酸素の消費量は人体にとって重要ではありますが、換気設計においては基準として用いられることはほとんどありませんので、

注意が必要です。

選択肢1. 1人当たりの必要換気量は、呼吸による酸素の消費量を基準として求めることが多い。

不適当です。酸素消費よりもCO₂濃度上昇や室内汚染物質の排出を基準とするのが一般的です。

選択肢2. 換気回数は、換気量を室容積で除したものである。

正しいです。換気回数=換気量(㎥/h)÷室容積(㎥)で求められます。単位は1/hとなり1時間当たりの換気回数となります。

選択肢3. 局所換気は、室全体ではなく、汚染物質が発生する場所を局所的に換気する方法である。

正しいです。全般換気とは異なり発生源の換気です。例として厨房のレンジフードなどがあります。

一般住宅では、お手洗い、浴室、キッチンですね。

選択肢4. 機械換気は、送風機や排風機等の機械力を利用して室内の空気の入替えを行う方法である。

正しいです。機械換気の例として、第三種換気(給気は自然の排気口で排気のみを機械的に行う換気方式)などがあります。

設置方法が容易で、コストが比較的抑えられることから一般家庭でよく採用されるシンプルな換気方式になります。

選択肢5. 自然換気の原動力は、建物外部の風や建物内外の温度差である。

正しいです。風力と温度差により気圧差が生じ、自然な空気流が発生します。自然換気のメリットには、電気代がかからない、

イニシャルコストが抑えられるなどあります。

 

風力換気:風力換気は、建物に風が当たることによって発生する風圧差を利用して、室内を換気する自然換気の一種です。

空気は風圧の高い方から低い方へ流れる性質があり、この性質を利用して室内の空気を入れ換えます。

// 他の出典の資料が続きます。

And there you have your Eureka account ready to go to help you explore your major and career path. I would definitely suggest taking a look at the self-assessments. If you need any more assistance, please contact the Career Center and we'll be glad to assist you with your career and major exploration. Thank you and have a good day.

換気量は、風速が速ければ速いほど増加します。より効率的に風力換気を行うためには、

建物の構造や住んでいる地域の気候の特徴を把握した上で、施工計画を立てることが大切です。

 

温度差換気:温度差換気は、温度差による空気の密度の違いを利用した換気方法です。

冷房の使用によって室内の気温が室外の気温よりも低くなる夏場は、外気が上部から室内へ流入し、

室内の空気が下部から室外へ排出されます。

一方で、暖房の使用によって室内の気温が室外の気温より高い冬場は、外気が下のほうから室内へ流入し、

室内の空気が上部から室外へ排出されます。室内外の温度差が大きければ大きいほど、換気量が増すのが特徴です。